Create a ritual of soothing.

The habits we create are the foundation of our experiences. To counteract the constant drumbeat of negativity, we need to set aside time to connect with our inner being, to calm our nervous system, and to relax our emotions and minds. Rituals are a great way to help ourselves feel secure and grounded. They can be small things, like hugging your partner when you come home (or emerge from your home office) or having a cup of chamomile tea before bed. They can be bigger events, too, like taking the family on a yearly trip to the local botanical garden to see the holiday display. Whatever ritual you create, pack it with intention. It is an opportunity to ground your energy, center yourself, and get back to the core of You.

Manage your energy with a little R4R self-soothing.
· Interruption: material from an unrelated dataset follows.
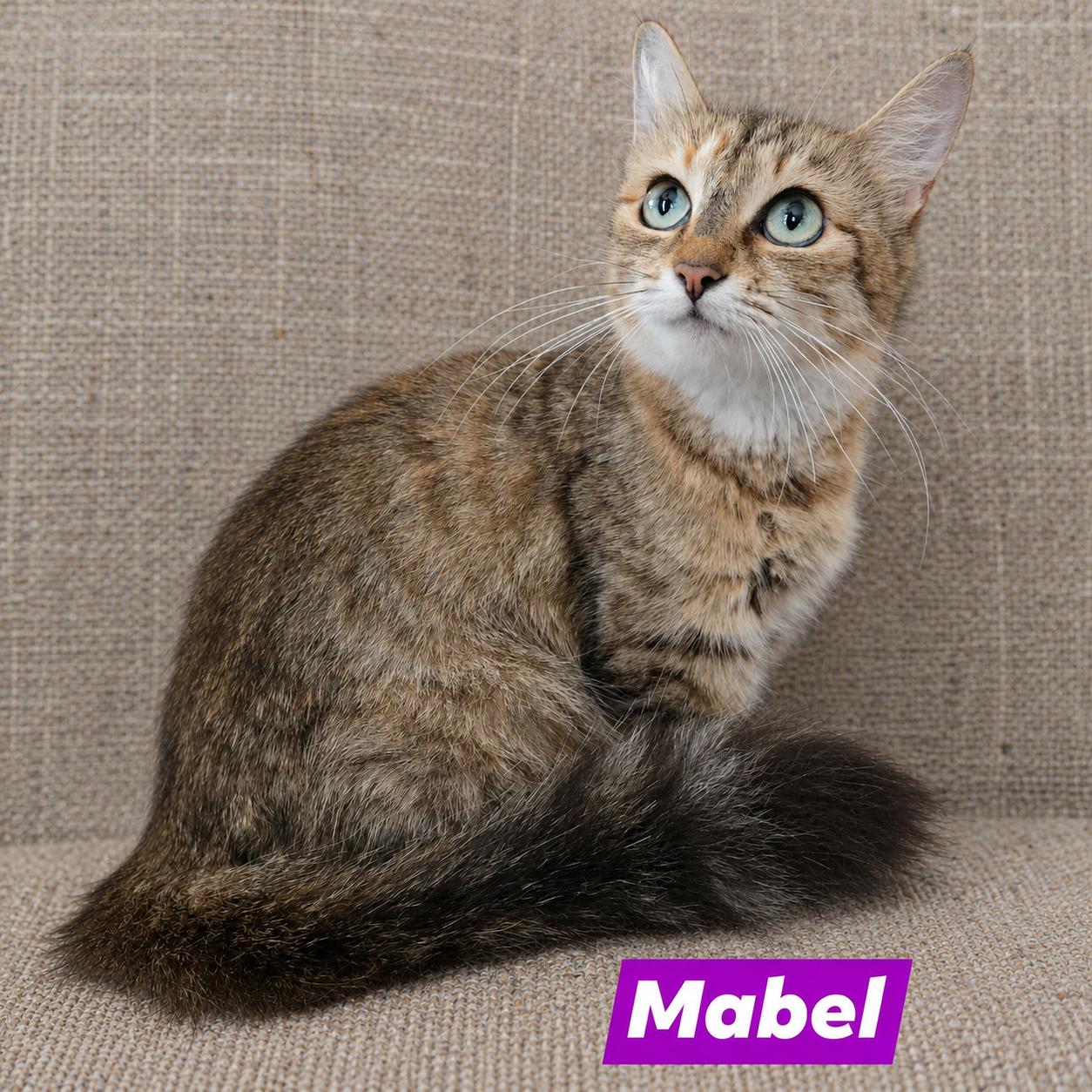 Mabel, adoptable, Kitten Female Domestic Short Hair.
You may already have a favorite energy psychology exercise or two. It could be your daily meditation, or regular EFT or TFT tapping program. Maybe you balance your energy with some yoga or tai chi. If you had a practice but abandoned it, now is a great time to get back to it! If you don’t have a go-to favorite, check out the simple and effective exercises from our Resources for Resilience site. A dedicated and inspired team of ACEP volunteers put these together in response to the Pulse nightclub shooting. They wanted to get self-soothing tools to people in need. It is a fabulous resource, with nearly two dozen exercises broken down into five categories. All of the exercises are energy psychology or energy medicine standards, easy to use and super effective.

Go on a news diet.

Our parents used to read the news every morning, and maybe watch the evening news. Today, the constant reminder of the world’s problems can make us feel more distressed and less secure. We know that news outlets use amped-up headlines to get us to click on the stories. Worse, all those reminders do not do a single thing to help solve the problems. So, go on a news diet. Turn off your New York Times notifications. Set a boundary on the time you spend on Threads. Don’t read the comments below your YouTube news stories. Give yourself some limits so that you can live your life. You’ll still know what is going on, without being bombarded by doom and gloom stories.

Savor the good times.

Rick Hanson tells us that we are hardwired to notice, encode, and rehearse negative experiences much more than positive ones. When our ancestors needed to remember where the saber tooth tiger lived, it was a protective habit. Today, it is more destructive and leads to mental health problems like depression and anxiety. To counteract this negativity bias, Hanson recommends savoring good times. His Taking in the Good explains a 3-4 step process of noticing when something good happens, savoring the feeling for 10-30 seconds, and intending that the experience is becoming a part of you.

Get to work!

We can get overwhelmed by the tremendous world need, and sometimes feel responsible for solving all the world’s problems. Of course, we can’t actually solve all the world problems, and that sad fact can leave us feeling hopeless, helpless, and ineffective. But we are not. As Margaret Mead told us so clearly, “Never doubt that a small group of thoughtful, committed citizens can change the world; indeed, it’s the only thing that ever has.” Our task is to find our area of influence and work at it. As each of us is dedicated to doing our small part of the work, thousands and thousands are doing the same. We are working together, even if we don’t know each other at all. We are creating ripple effects that will reverberate all over the world. Look how far we have already come! There is every reason to believe that it will keep going, and that we are doing our small part, together, to change the world.

We need to take care of ourselves during turbulent times.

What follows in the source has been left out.